Thai Car Market Faces Decline Amid Closures and Brand Shifts

A mix of internal economic challenges, shifting consumer preferences, and geopolitical risks are reshaping Thailand’s auto industry outlook. The Kasikorn Research Centre projects that car sales will fall to 565,000 units in 2025, down from previous expectations. The downturn is prompting a contraction in dealership numbers, with total revenues forecast to decline by 5.6%.
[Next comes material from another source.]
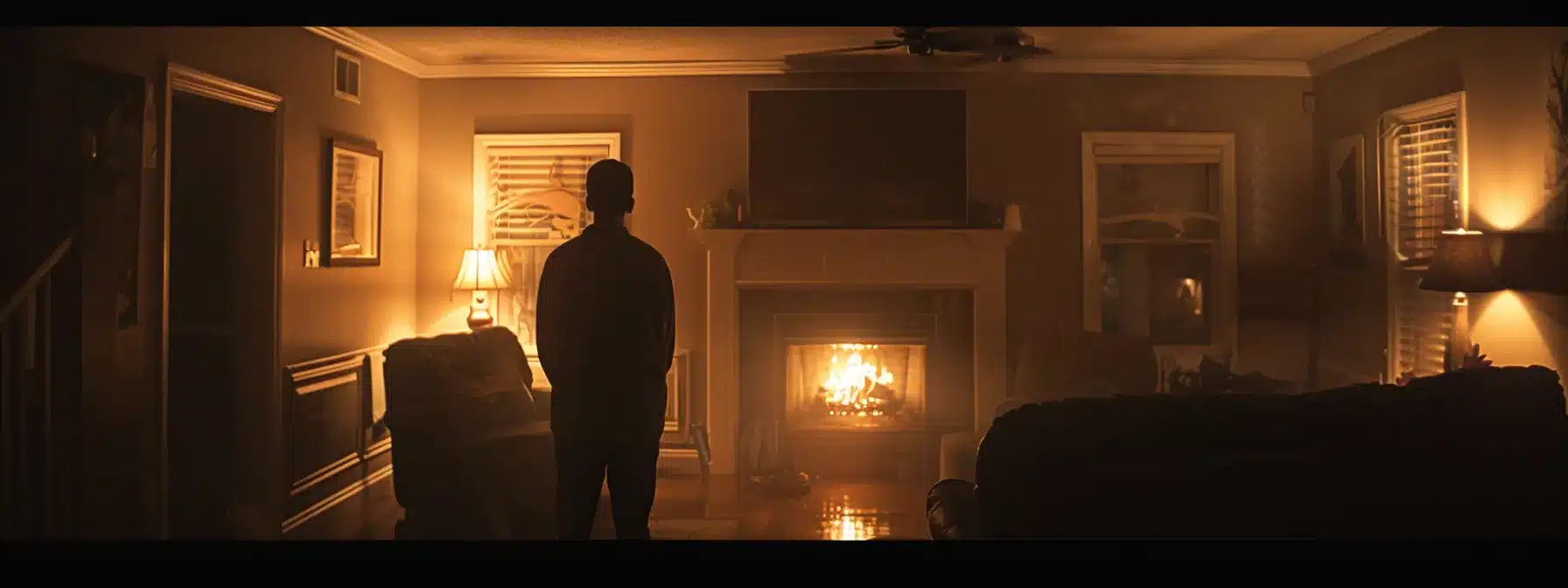 a homeowner standing in front of a flickering light fixture in a dimly lit room.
Production levels are also under pressure. Surapong Paisitpatanapong, a spokesperson for the Automotive Industry Group at the Federation of Thai Industries, told Prachachat Business that vehicle output during the first five months of 2025 reached just 594,492 units, a year-on-year decrease of 7.83%. He noted that this makes the full-year production target of 1.5 million units increasingly unlikely, adding that while May saw a rare uptick—up 10% to 139,186 units—this was primarily driven by battery electric vehicles (BEVs), which jumped 641.16%, and plug-in hybrid vehicles (PHEVs), which rose 130.49%.

Industry insiders point to a growing preference for electric vehicles, especially those offered by Chinese manufacturers, as a contributing factor in reshaping the competitive landscape. These brands, which hold a strong foothold in the BEV and PHEV market segments, are expected to expand further, even as dealership growth among Chinese carmakers begins to slow. Between 2024 and 2025, total dealership numbers are projected to decline from 2,197 to 2,146. While Japanese and Western brands are forecast to drop from 1,660 to 1,566 outlets, Chinese brands are expected to rise from 537 to 580.
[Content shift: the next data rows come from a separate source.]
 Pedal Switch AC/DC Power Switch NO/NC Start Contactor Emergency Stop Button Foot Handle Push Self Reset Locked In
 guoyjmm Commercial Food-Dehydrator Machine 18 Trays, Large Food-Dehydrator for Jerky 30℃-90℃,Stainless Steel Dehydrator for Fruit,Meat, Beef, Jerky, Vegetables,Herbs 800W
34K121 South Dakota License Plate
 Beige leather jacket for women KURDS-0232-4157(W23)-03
However, not all Chinese automakers are immune to challenges. NETA, a prominent EV manufacturer, has encountered liquidity issues affecting its Thai operations, including unpaid dealer debts and shortages of spare parts. This has caused its dealership network to shrink from over 60 to just around 20.

Dealers are responding to the market contraction in various ways. Some are switching to a sales-only model without inventory, others are shifting toward after-sales services, while several are transitioning to Chinese car brands. Mercedes-Benz (Thailand), for example, announced that Benz Star Flag Co. Ltd. will no longer operate as an authorised dealership from July 1, 2025. Benz Metro Autohaus has also ended its affiliation, with plans to partner with a new, undisclosed Chinese carmaker.
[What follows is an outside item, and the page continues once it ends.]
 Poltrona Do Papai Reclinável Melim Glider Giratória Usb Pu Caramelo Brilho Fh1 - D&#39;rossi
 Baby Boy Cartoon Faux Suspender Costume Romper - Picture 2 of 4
Japanese automakers are reporting mixed forecasts. Toyota Motor Thailand’s Executive Vice President, Supakorn Rattanawaraha, expects a modest recovery with a 5% increase in sales to 600,000 units this year, targeting a market share of 38.5%. In contrast, Suzuki Motor Thailand Vice Chairman Wallop Trirerkngam anticipates a sales decline of 5%, down to 545,000–570,000 units, citing waning consumer purchasing power and political instability as key factors.

To remain competitive, companies like Toyota and Suzuki are enhancing after-sales services. Toyota has launched a nationwide “Toyota Trusted Services” initiative across more than 450 service centres. Suzuki, meanwhile, is expanding its parts and service network, recently launching a new centre in Don Chan, Chiang Mai, with plans to grow to 95 outlets nationwide.

The ongoing developments reflect a broader strategy by both Thai and international automakers to adapt to evolving consumer behavior, rising operational costs, and competitive pressures from new market entrants, particularly in the electric vehicle sector. The data and insights cited in this report were sourced from Kasikorn Research Centre, Prachachat Business, and statements from senior representatives of Toyota, Suzuki, and Mercedes-Benz Thailand.